**Provided material**
= Beginning of Section =

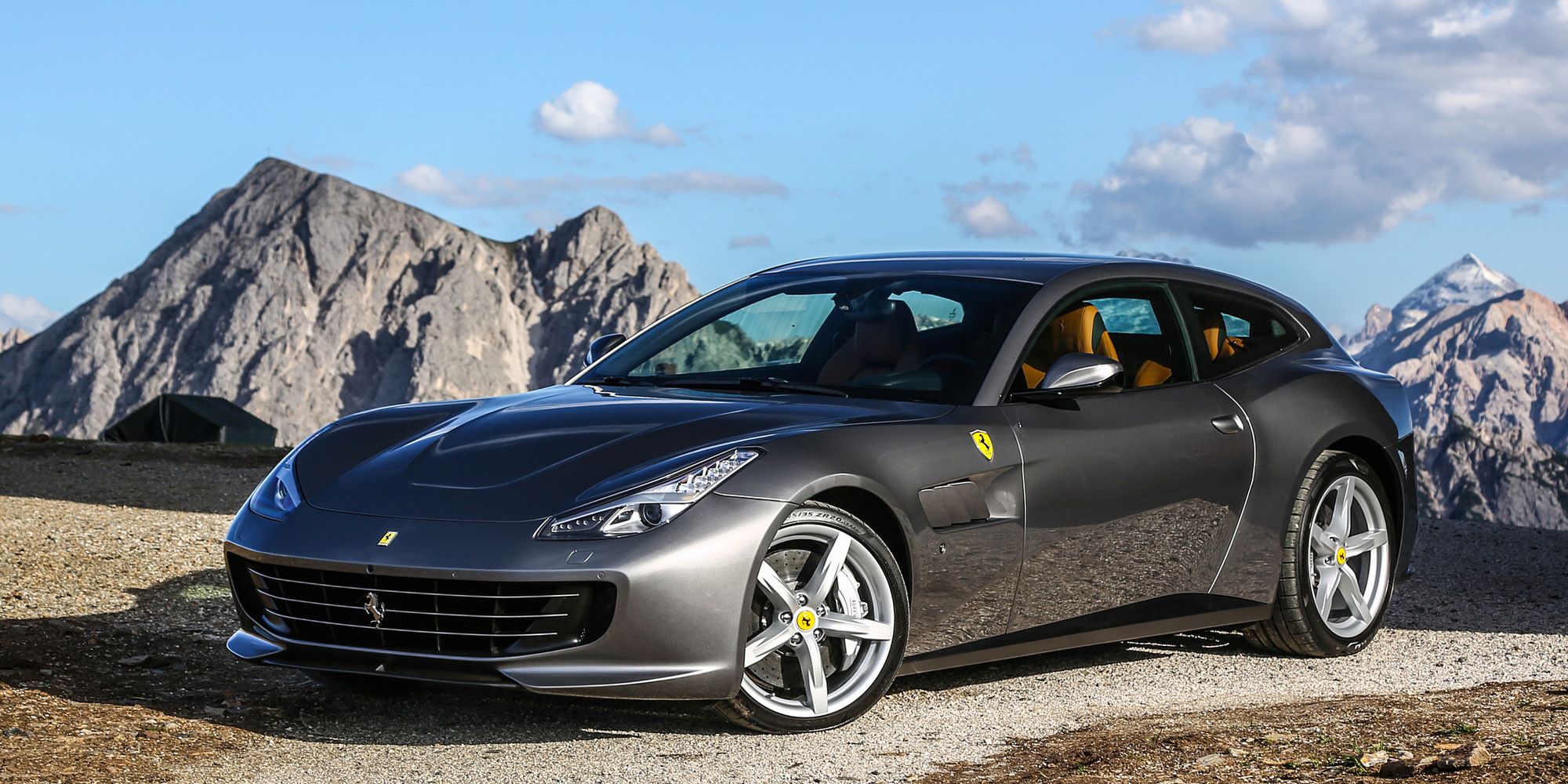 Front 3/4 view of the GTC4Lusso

= End of Section =
= Beginning of Section =

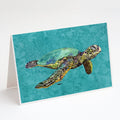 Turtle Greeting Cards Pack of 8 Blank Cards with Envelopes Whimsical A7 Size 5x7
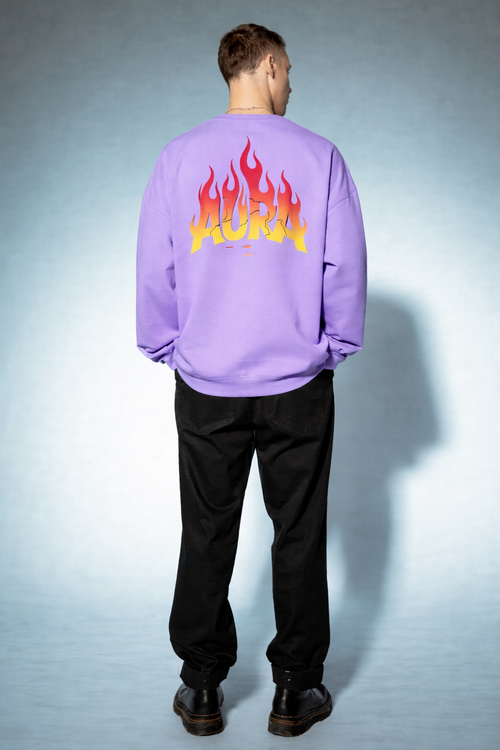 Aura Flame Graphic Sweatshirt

= End of Section =
= Beginning of Section =

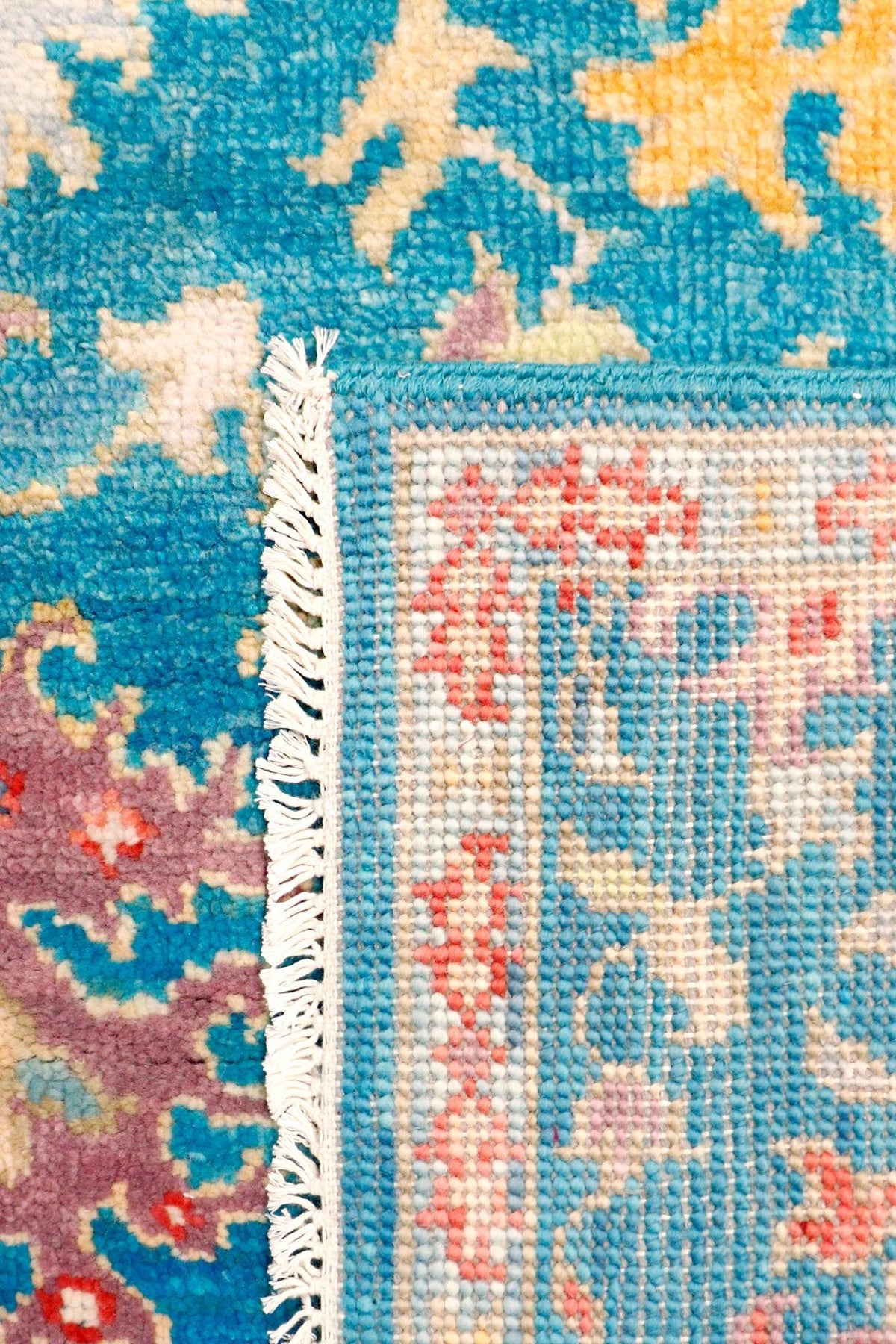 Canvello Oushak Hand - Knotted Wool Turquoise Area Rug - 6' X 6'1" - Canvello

= End of Section =

**Task to carry out**
Transcribe only the lines above that start at the line containing "Turtle Greeting Cards" and end at the line containing "Aura Flame Graphic Sweatshirt". Omit pictures.

**Solution for this task**
 Turtle Greeting Cards Pack of 8 Blank Cards with Envelopes Whimsical A7 Size 5x7
 Aura Flame Graphic Sweatshirt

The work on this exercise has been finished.